6 Aralık 1989’da, tepeden tırnağa silahlı ve genç bir hanım düşmanı, cinayet işlemek suretiyle kararlı bir şekilde Montreal’deki École Polytechnique’e girdi. Feministleri hedef alan öfkeli saldırgan dokuz kız öğrenciyi hedef olarak seçti ve üstlerine ateş açtı. Üç değişik bakış açısını bir araya getiren film, Montreal Katliamı’ndaki sarsıcı olayları; olabildiğince çok hanımı öldürmek isteyen acımasız katil, hayatta kalan talihli Kanadalı mühendis Valérie ve sınıf arkadaşı Jean-François’nın bakış açısından konu alıyor.
8. L’argent – Para (1983) – IMDB: 7.4

Robert Bresson’a Cannes Film Festivali’nde Yönetmen Ödülü’nün yanı sıra Altın Palmiye adaylığı kazandıran bu trajedi filmi, aynı zamanda yönetmenin de son filmidir.

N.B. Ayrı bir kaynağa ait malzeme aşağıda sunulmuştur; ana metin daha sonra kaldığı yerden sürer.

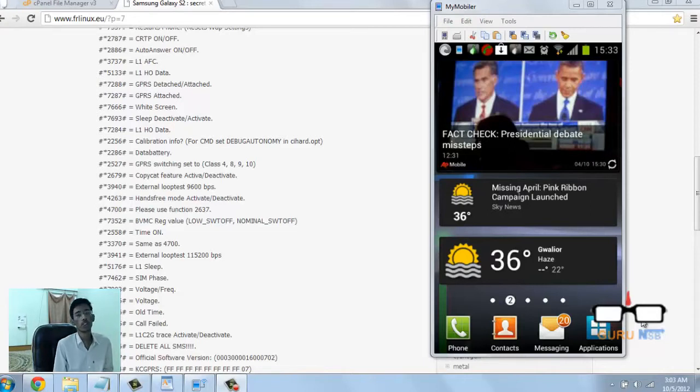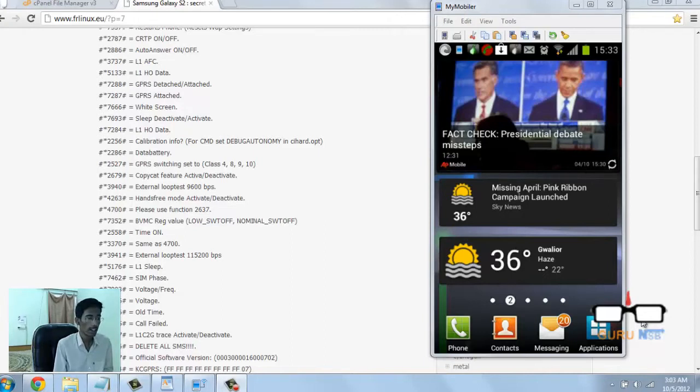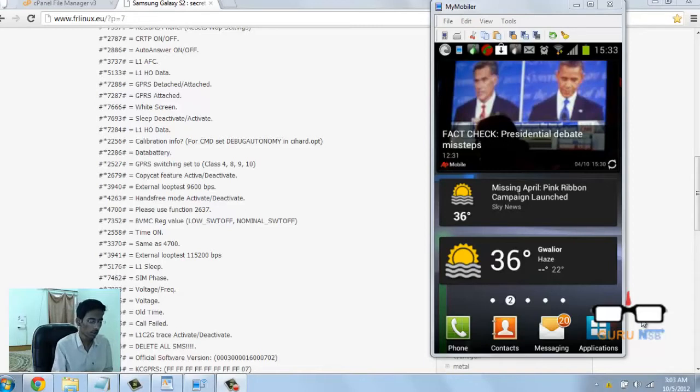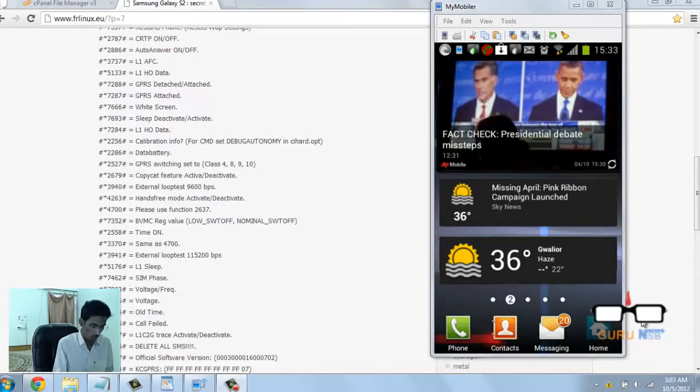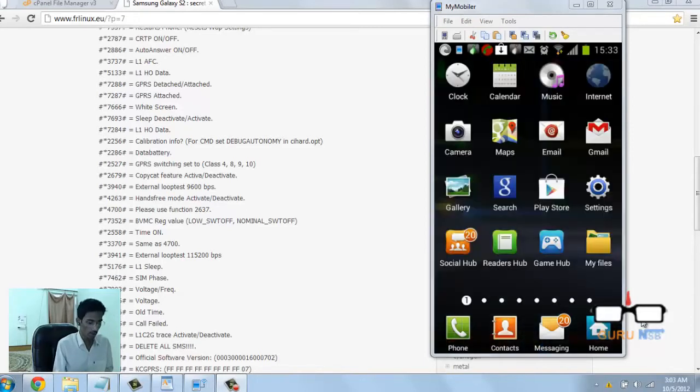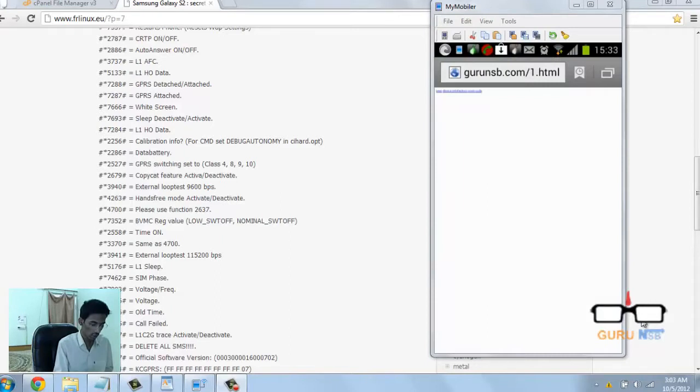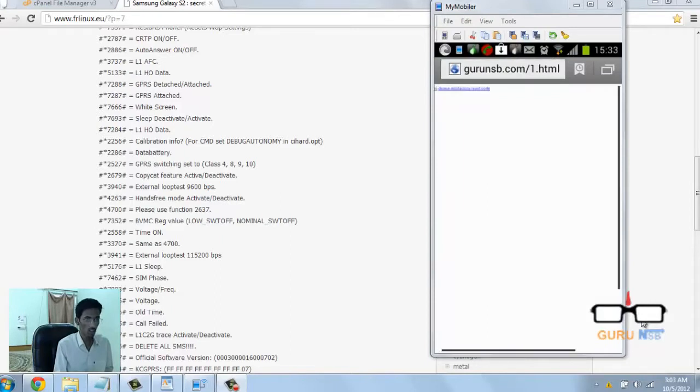This was presented by Dravi Shankara on run call. Let's see how this works. I open my browser - you can see it is the Guru SB website dot com slash one html.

Tolstoy’un 1911 tarihindeki romanı The Forged Coupon’dan esinlenen film, uluslararası beğeni toplamıştır. Cahiers du Cinéma tarafından 1983 Yılının En İyi Filmi seçilen yapımın başrol koltuğunda Christian Patey oturmaktadır.

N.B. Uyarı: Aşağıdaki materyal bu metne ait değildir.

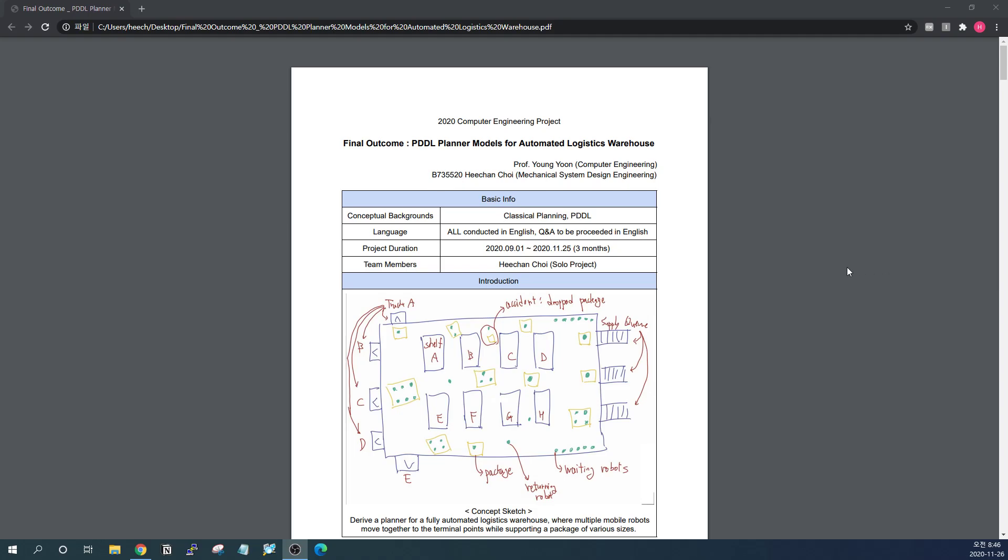This is my final outcome of 2020 computer engineering project. Let me introduce some basic information about this project. This project is mostly concerned with classical planning and driving PDDL models for automated logistics warehouse. The courses and all the outcomes and presentations will be presented only in English. The project was conducted between September to the end of November, almost three months, including all the time for assessing proposals and studying related areas as well.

Film, 500 franklık bir banknotun bir erkeğin hayatını iyi mi mahvettiğinin hikayesidir. İki genç, sahte bir banknotu bilincinde olmadan kameralı bir sıvıyakıt istasyonunun çalışanına verir. Banknotun düzmece veya reel bulunduğunu çok iyi ayırt edebilen mağaza müdürü, durumu parayı alan sıvıyakıt dağıtım görevlisi olan Yvon Targe’a bildirir. Yvon, mağazanın kaybını karşılamak zorundadır ve paraya olan ihtiyacı onu kısa müddette suça yöneltir. Bunun sonucunda bir banka soygununa yardım etmekten 3 sene hapis cezasına çarptırılan Yvon, eşi tarafınca terk edilir ve yaşamış olduğu travmanın getirmiş olduğu öfkeli davranışlar cevabında hücre cezasına çarptırılır. Serbest bırakıldığında ise Yvon’un artık gözleri dönmüştür.

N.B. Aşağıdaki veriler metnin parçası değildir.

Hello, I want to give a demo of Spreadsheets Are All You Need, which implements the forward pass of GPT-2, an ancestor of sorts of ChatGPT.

9. Argentina, 1985 (2022) – IMDB: 7.7

En İyi Uzun Metrajlı Uluslararası Film branşında Oscar, Altın Küre, Altın Aslan ve BAFTA ödülüne aday gösterilen 2022 yapımı zamanı drama filmi “Argentina, 1985”, ilk gösterimini Venedik Uluslararası Film Festivali’nde yapmıştır. Amazon Prime Video’da yayınlanmakta olan filmin yönetmenlik koltuğunda Santiago Mitre otururken, başrollerinde ise Ricardo Darín, Peter Lanzani, Alejandra Flechner ve Norman Briski oynamaktadır.
Gerçek bir hikayeden esinlenen bu film Arjantin Cumhuriyeti’nin 1983’te askeri diktatörlüğün son bulmasının peşinden yeni kurulan hükümetinin gelişmeye başladığı günlerde geçmektedir. Yeni atanan federal başsavcı Julio César Strassera ve yardımcısı, savcı yardımcısı Luis Moreno Ocampo ile beraber Arjantin’i yaklaşık on yıldır kaosa sürükleyen acımasız askeri diktatörlüğe karşı açılan soruşturmayı yönetmek üzere görevlendirilmiştir.. Ülkenin en güçlü ve en tehlikeli adamlarını parmaklıklar ardına koyma gibi zorlu bir görevleri bulunan genç avukatların 1976-1983 yıllarındaki pis harp sırasında işlenen suçlar için hakkaniyet arayışları bununla birlikte kendileri için büyük bir tehdit oluşturmaktaydı.